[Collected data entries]
---+---
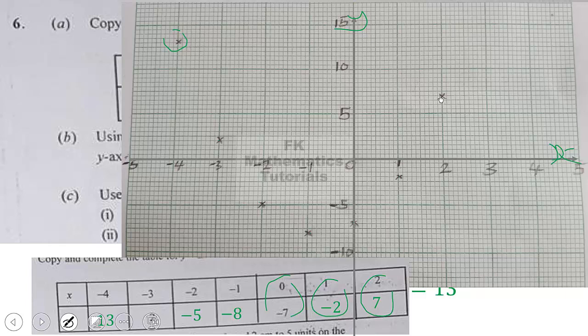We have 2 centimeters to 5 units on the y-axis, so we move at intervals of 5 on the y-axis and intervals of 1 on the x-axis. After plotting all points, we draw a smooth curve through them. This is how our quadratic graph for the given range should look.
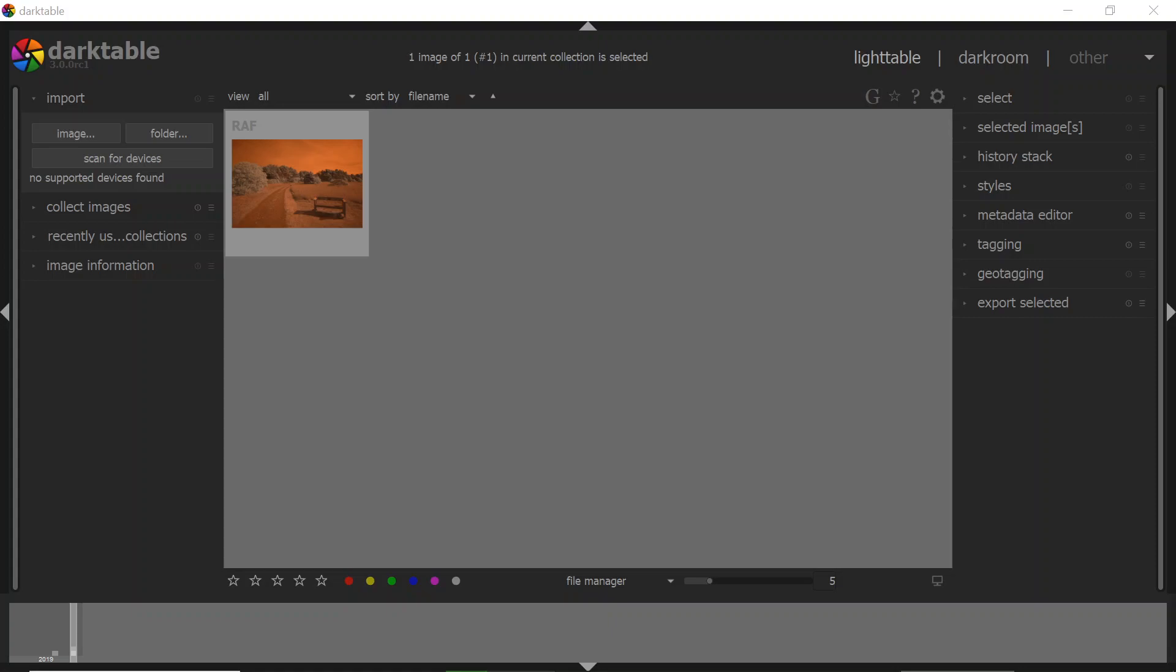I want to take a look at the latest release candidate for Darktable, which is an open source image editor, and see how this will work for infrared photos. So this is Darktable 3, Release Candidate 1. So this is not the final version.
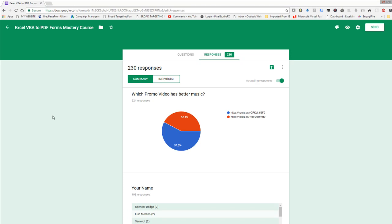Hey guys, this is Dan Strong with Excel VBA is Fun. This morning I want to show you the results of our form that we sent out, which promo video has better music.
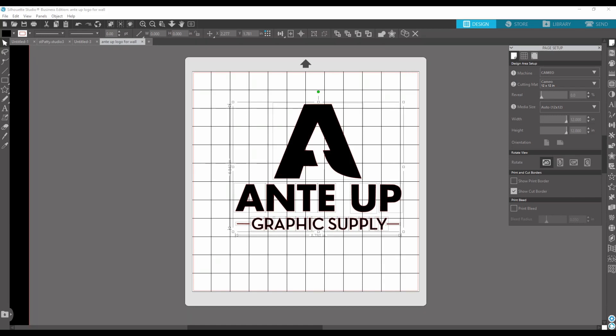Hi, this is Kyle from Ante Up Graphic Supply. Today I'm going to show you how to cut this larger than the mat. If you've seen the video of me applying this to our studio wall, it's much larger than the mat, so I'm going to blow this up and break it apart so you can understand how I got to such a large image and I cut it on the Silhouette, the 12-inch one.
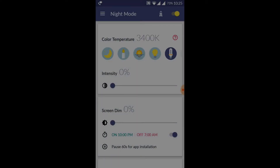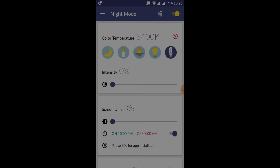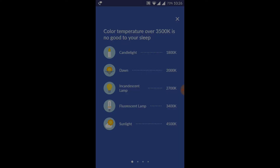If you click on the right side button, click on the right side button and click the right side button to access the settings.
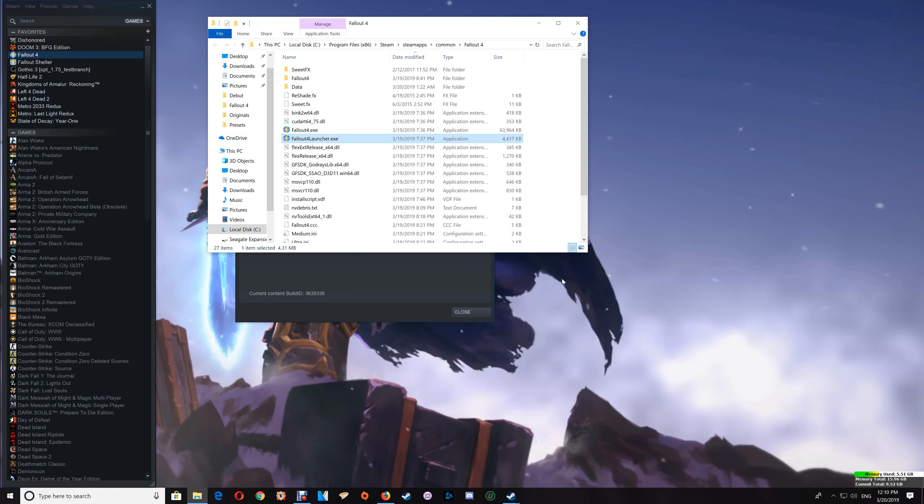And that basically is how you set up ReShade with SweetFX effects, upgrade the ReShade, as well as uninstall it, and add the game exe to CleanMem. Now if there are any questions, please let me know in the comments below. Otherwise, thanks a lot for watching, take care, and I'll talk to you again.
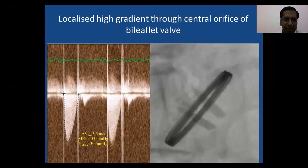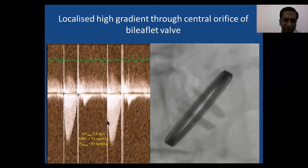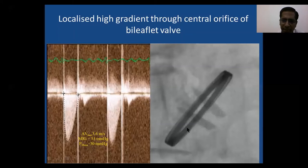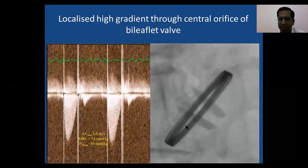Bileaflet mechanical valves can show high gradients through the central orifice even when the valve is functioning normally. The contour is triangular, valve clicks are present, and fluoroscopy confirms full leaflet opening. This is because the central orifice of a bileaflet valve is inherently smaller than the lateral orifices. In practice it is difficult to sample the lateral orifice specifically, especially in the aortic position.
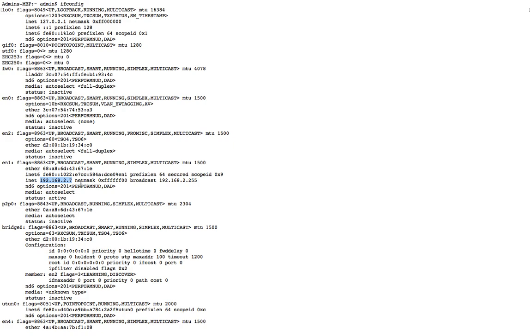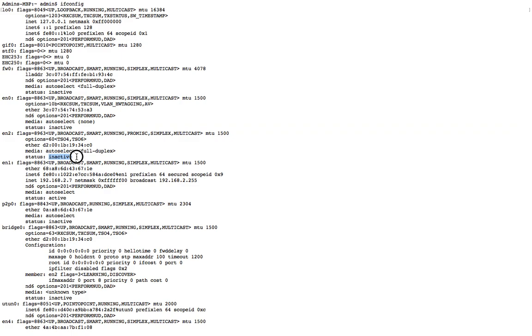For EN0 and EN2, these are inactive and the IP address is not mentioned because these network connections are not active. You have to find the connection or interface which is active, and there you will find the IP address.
---+---
**Exercise details**
The data is to be printed again exactly, but without its pictures.

**Problem solution**
We have 2 centimeters to 5 units on the y-axis, so we move at intervals of 5 on the y-axis and intervals of 1 on the x-axis. After plotting all points, we draw a smooth curve through them. This is how our quadratic graph for the given range should look.
I want to take a look at the latest release candidate for Darktable, which is an open source image editor, and see how this will work for infrared photos. So this is Darktable 3, Release Candidate 1. So this is not the final version.
Hey guys, this is Dan Strong with Excel VBA is Fun. This morning I want to show you the results of our form that we sent out, which promo video has better music.
Hi, this is Kyle from Ante Up Graphic Supply. Today I'm going to show you how to cut this larger than the mat. If you've seen the video of me applying this to our studio wall, it's much larger than the mat, so I'm going to blow this up and break it apart so you can understand how I got to such a large image and I cut it on the Silhouette, the 12-inch one.
If you click on the right side button, click on the right side button and click the right side button to access the settings.
And that basically is how you set up ReShade with SweetFX effects, upgrade the ReShade, as well as uninstall it, and add the game exe to CleanMem. Now if there are any questions, please let me know in the comments below. Otherwise, thanks a lot for watching, take care, and I'll talk to you again.
Bileaflet mechanical valves can show high gradients through the central orifice even when the valve is functioning normally. The contour is triangular, valve clicks are present, and fluoroscopy confirms full leaflet opening. This is because the central orifice of a bileaflet valve is inherently smaller than the lateral orifices. In practice it is difficult to sample the lateral orifice specifically, especially in the aortic position.
For EN0 and EN2, these are inactive and the IP address is not mentioned because these network connections are not active. You have to find the connection or interface which is active, and there you will find the IP address.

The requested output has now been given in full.